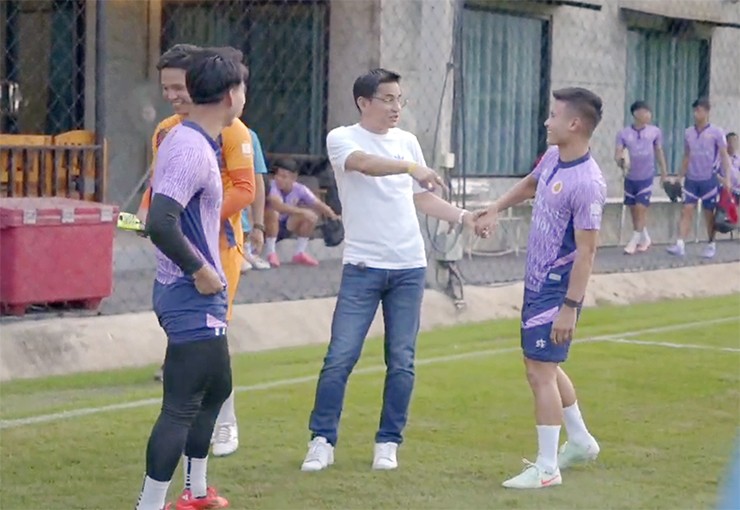 Huyền thoại bóng đá Thái Lan trò chuyện vui vẻ với các học trò cũ như Quang Hải, Văn Thanh,...
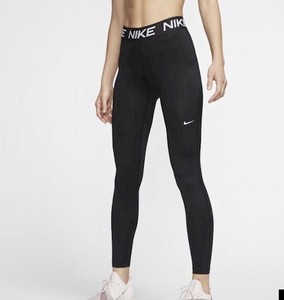 Calza Negra Nike Pro Hypercool 3\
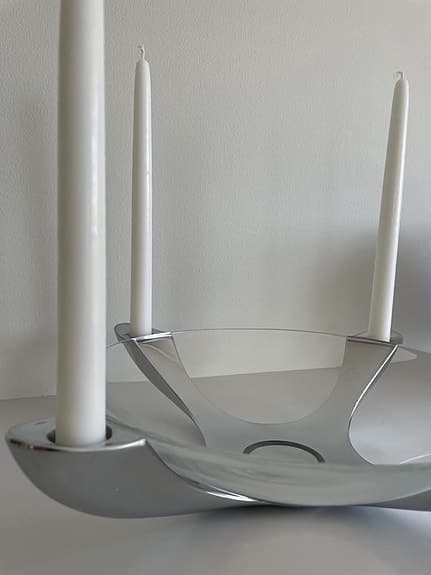 Stelton ljusstake i rostfritt stål och skål i glas.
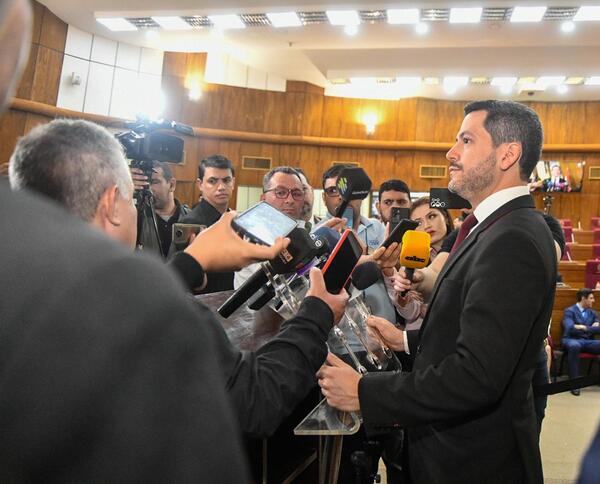 Diputados colorados rechazan declarar emergencia por crisis en hospitales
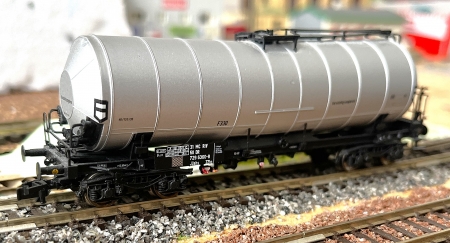 Vyprod�no...DR. Roco. TT. 1:120. Cisterna n�kladn�.v�z. Kinematika (A260)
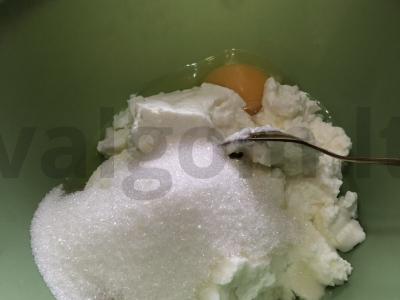 Varškės blynai su manų kruopomis kokosų piene Žingsnis 1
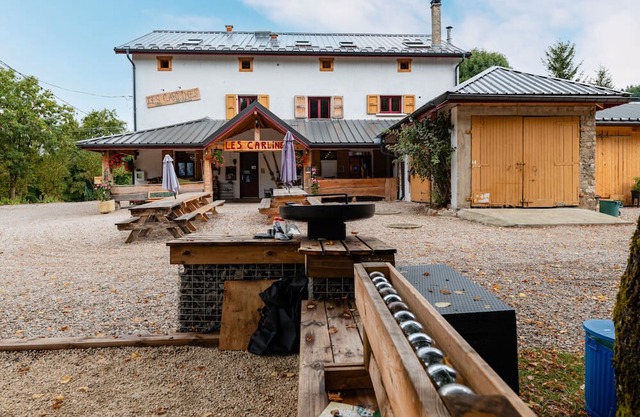 Gîte 'Les Carlines' with Mountain View, Shared Terrace and Wi-Fi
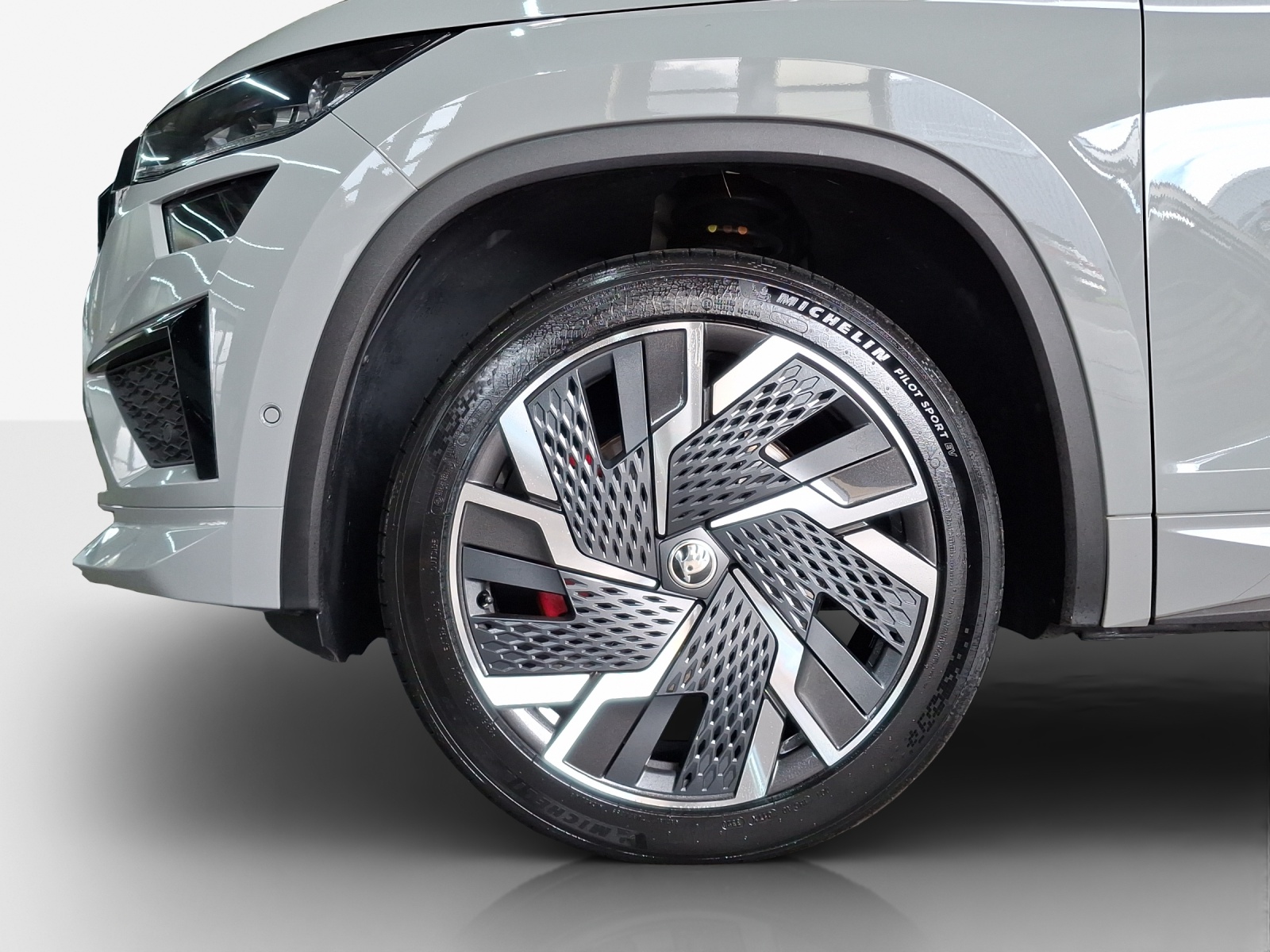 SKODA Kodiaq 2.0 TSI 4x4 RS-image-14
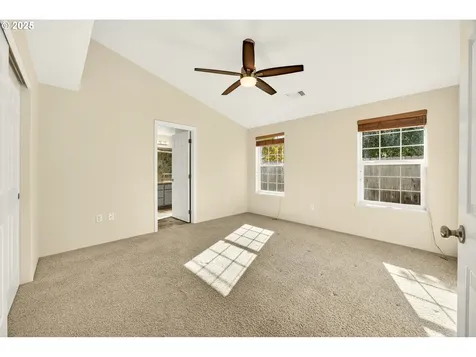 826 Crystal Drive Eagle Point OR 97524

**What this task involves**: From the line that includes "Diputados colorados rechazan" on down to the last line of the entries above, set down each line exactly, leaving out the pictures.

**Reply**:
 Diputados colorados rechazan declarar emergencia por crisis en hospitales
 Vyprod�no...DR. Roco. TT. 1:120. Cisterna n�kladn�.v�z. Kinematika (A260)
 Varškės blynai su manų kruopomis kokosų piene Žingsnis 1
 Gîte 'Les Carlines' with Mountain View, Shared Terrace and Wi-Fi
 SKODA Kodiaq 2.0 TSI 4x4 RS-image-14
 826 Crystal Drive Eagle Point OR 97524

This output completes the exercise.